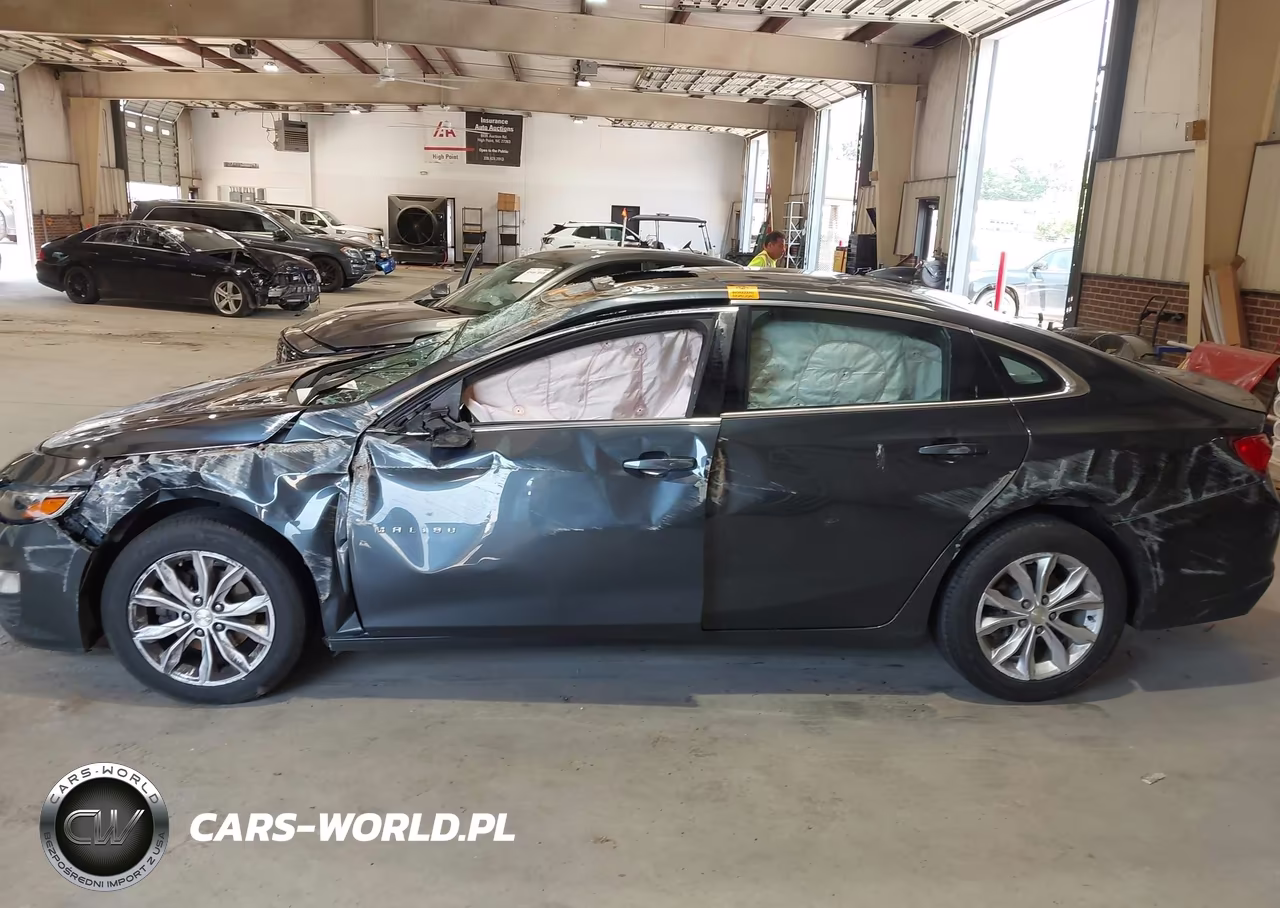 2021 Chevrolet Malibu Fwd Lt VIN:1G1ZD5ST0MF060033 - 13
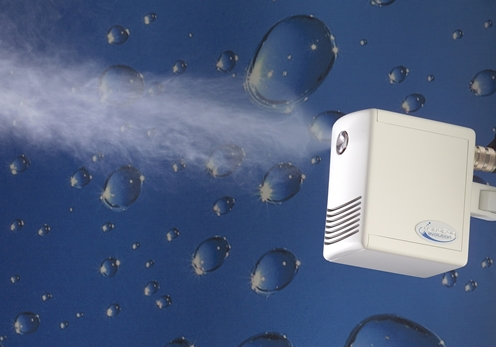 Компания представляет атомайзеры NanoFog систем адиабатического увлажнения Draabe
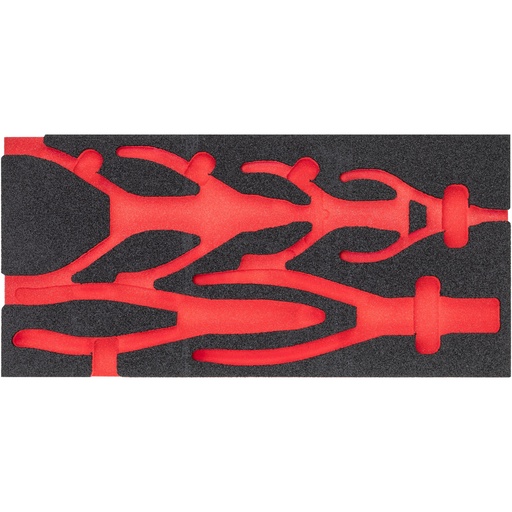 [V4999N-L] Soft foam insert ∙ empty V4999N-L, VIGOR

WORK TO BE COMPLETED: All that is needed is the lines from the line holding "Компания представляет атомайзеры" to the final line of the listing above, repeated exactly, pictures excluded.

WRITTEN REPLY:
 Компания представляет атомайзеры NanoFog систем адиабатического увлажнения Draabe
 [V4999N-L] Soft foam insert ∙ empty V4999N-L, VIGOR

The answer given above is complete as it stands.